To illustrate this point, figure 1 shows a comparison of bond yields versus equity yields over calendar years. At first glance, it is obvious that current yields on bonds are higher, but this higher yield comes with little to no potential for growth.
Figure 1 | Bond Yields versus Dividend Yields Calendar Year Yields
Source: Bloomberg and Standard & Poor’s
Dividends were not reinvested. Data through December 31, 2020. You may not invest directly in an index.
Past performance does not guarantee future results.
To show the difference between the growth of income provided from bonds versus a dividend-paying equity investment, in figure 2, we calculated the amount of income generated annually on a hypothetical $1 million investment made in 1990. While the income from the bond investment steadily declined from 1990 to 2020, the amount of dividend income derived from the dividend-focused equity allocation grew fairly steadily. Although beginning at a relatively modest level compared to the bond investment, the dollar amount of dividend income generated surpassed the bond income in approximately 10 years and ended at 912% of the bond income by 2020. For this example, it was assumed that the bond interest and stock dividends were being used to support expenses and not being reinvested.

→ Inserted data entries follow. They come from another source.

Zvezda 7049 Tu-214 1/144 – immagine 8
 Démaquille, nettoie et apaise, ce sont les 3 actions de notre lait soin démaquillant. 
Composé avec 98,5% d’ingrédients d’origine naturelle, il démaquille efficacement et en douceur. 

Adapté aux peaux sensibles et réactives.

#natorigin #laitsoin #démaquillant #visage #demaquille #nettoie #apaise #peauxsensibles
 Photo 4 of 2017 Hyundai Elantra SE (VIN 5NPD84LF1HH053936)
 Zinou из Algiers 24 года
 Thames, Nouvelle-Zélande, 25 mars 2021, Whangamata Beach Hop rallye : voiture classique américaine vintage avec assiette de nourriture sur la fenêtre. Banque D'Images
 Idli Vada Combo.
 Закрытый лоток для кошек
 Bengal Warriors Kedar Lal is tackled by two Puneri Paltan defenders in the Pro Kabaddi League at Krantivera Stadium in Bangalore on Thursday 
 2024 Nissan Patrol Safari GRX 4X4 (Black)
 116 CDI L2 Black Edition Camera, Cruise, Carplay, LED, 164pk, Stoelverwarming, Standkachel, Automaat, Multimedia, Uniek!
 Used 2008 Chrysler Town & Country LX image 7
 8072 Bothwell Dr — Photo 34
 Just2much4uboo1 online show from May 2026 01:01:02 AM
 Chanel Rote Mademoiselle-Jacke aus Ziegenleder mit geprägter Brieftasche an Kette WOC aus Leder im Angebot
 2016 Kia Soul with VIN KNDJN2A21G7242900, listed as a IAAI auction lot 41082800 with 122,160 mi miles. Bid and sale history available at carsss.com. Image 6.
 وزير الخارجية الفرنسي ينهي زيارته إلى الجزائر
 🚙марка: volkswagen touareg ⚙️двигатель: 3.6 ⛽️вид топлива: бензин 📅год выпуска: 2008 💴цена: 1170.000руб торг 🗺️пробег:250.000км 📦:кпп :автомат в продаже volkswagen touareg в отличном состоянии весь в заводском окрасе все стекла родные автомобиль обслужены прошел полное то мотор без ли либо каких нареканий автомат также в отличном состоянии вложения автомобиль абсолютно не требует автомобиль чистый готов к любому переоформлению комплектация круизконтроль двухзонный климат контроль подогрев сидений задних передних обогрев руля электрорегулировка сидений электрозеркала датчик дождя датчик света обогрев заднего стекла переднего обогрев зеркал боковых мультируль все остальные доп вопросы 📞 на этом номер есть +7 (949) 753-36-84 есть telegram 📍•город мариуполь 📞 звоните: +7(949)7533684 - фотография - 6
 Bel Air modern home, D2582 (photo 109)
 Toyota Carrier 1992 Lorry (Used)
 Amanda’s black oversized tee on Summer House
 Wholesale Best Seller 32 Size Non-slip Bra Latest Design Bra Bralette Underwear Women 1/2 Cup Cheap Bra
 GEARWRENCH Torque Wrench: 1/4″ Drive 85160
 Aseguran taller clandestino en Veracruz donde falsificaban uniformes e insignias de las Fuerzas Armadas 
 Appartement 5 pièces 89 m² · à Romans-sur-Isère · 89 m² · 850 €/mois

Figure 2 | Bond Income Versus Dividend Income
Annual Income from a Hypothetical $1 Million Investment Made in January 1990
Source: Bloomberg and Standard & Poor’s
Dividends were not reinvested. Data through December 31, 2020. You may not invest directly in an index.
Past performance does not guarantee future results.
Total Return for Dividend Growers
Our analysis uses the S&P 500 Dividend Aristocrats Index, a subset of the S&P 500 Index. It is comprised of U.S. companies that have consistently increased their dividends for the past 28 years. Since the Dividend Aristocrats Index began in January 1990, we can compare its returns versus the S&P 500 Index for the period beginning January 1, 1990, to December 31, 2020, to determine its performance in a dividend-focused retirement portfolio, from a total return perspective. For the results, see figure 3.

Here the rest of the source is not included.